**Task brief:**
Take from the entries below the stretch from the line with "Expanding File Folder" through the line with "Plot s sloupkem", and return it exactly, leaving the pictures out.

**Data:**
------------
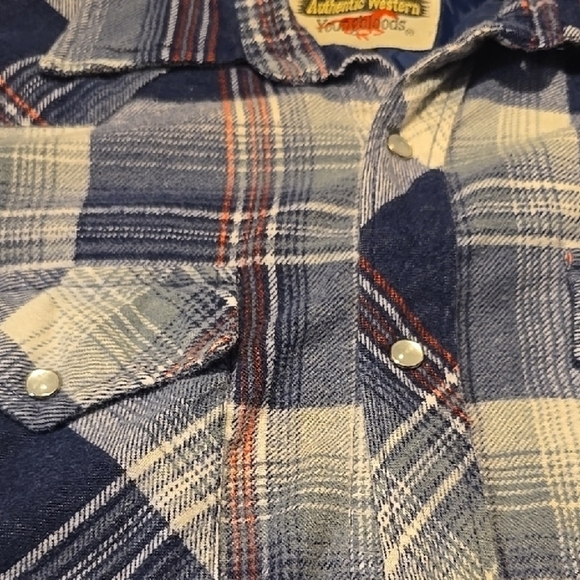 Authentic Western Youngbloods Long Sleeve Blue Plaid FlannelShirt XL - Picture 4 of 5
------------
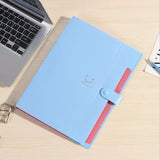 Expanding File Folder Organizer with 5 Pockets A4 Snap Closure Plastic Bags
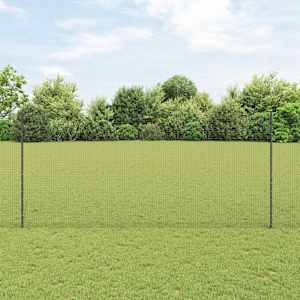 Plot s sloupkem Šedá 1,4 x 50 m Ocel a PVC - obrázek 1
------------
**Exercise answer:**
 Expanding File Folder Organizer with 5 Pockets A4 Snap Closure Plastic Bags
 Plot s sloupkem Šedá 1,4 x 50 m Ocel a PVC - obrázek 1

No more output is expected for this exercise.